DATA SECTION:
┏━━
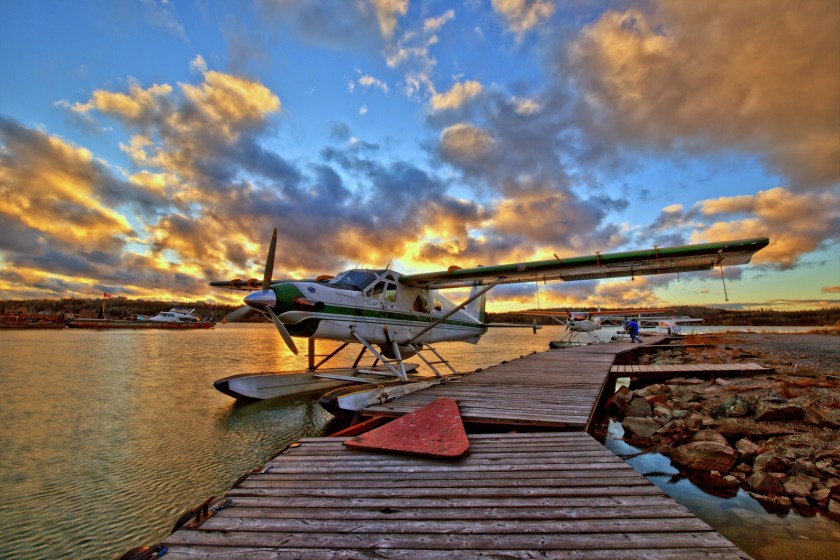 Yellowknife Float Planes - The Narrows, Yellowknife WW Photo Walk - 3 Oct 2015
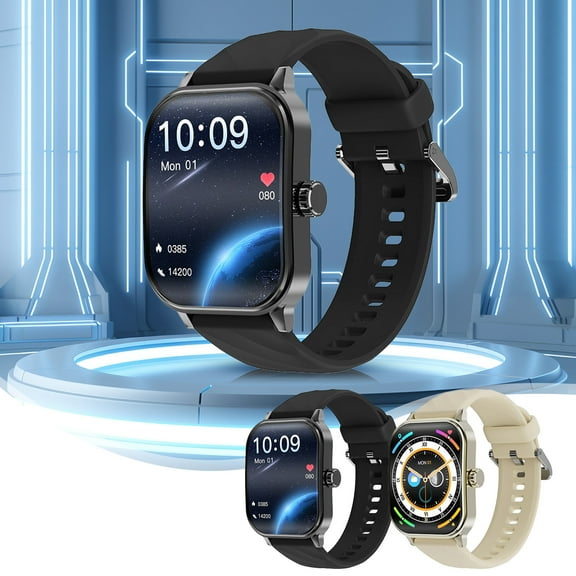 Kmdttou Smart Watch Bluetooth Call Offline Payment Step Counting Multi-functional HD Large Screen Smart Watch NFC Access Control Smart Watch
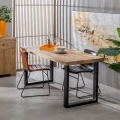 Prostokątny stół 160 cm z drewna mango | Ixia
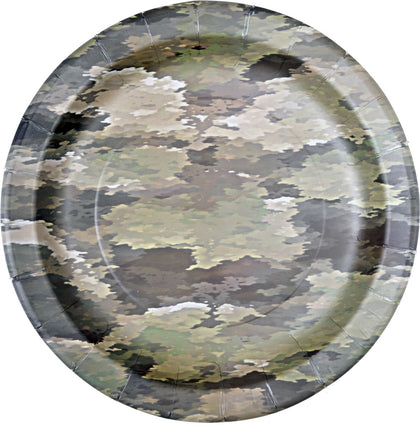 American Heroes Camo 7in Plate 8ct | Army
┗━━
Before you return the listing exactly, strip out its pictures.

 Yellowknife Float Planes - The Narrows, Yellowknife WW Photo Walk - 3 Oct 2015
 Kmdttou Smart Watch Bluetooth Call Offline Payment Step Counting Multi-functional HD Large Screen Smart Watch NFC Access Control Smart Watch
 Prostokątny stół 160 cm z drewna mango | Ixia
 American Heroes Camo 7in Plate 8ct | Army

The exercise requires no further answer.